Portugal will be able to reduce its budget deficit to 4 percent of gross domestic product (GDP) in 2014, Fitch Ratings said in a statement issued Tuesday in London.
This reduction – compared with a deficit of 4.5 percent in 2013 – will be partly driven by a provisional cut to civil service salaries deemed constitutional by the Constitutional Court, the agency said.
In a statement issued on 14 August, the Constitutional Court ruled that wage cuts in the public sector in 2014 and 2015 were constitutional but that cuts planned for 2016-2018 were unconstitutional.
“The latest decision of the Portuguese court to partially approve the expenditure measures reduces the risk for short-term consolidation and keeps the government on track to meet its fiscal targets this year,” said Fitch Ratings.

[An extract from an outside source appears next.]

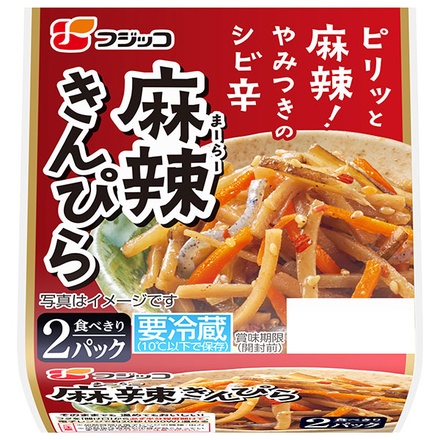 フジッコ ピリッと味わい 麻辣きんぴら (28g×2パック)×12個入 チルド 冷蔵品|麻辣 きんぴら ごぼう 惣菜 おかず ご飯のお供 和惣菜 ピリ辛 常備菜 惣菜食品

However, Fitch also believes that the reduction of the Portuguese budget deficit in 2015 will be limited to 2.7 percent of GDP, compared to the government’s more optimistic forecast, of 2.5 percent of GDP bolstered by improved economic growth.
Fitch Ratings added that the next Portuguese government voted in in the October 2015 elections will have to implement a tight fiscal policy if it wants to reduce public debt of 129 percent to 110 percent of GDP by 2023 (macauhub/PT)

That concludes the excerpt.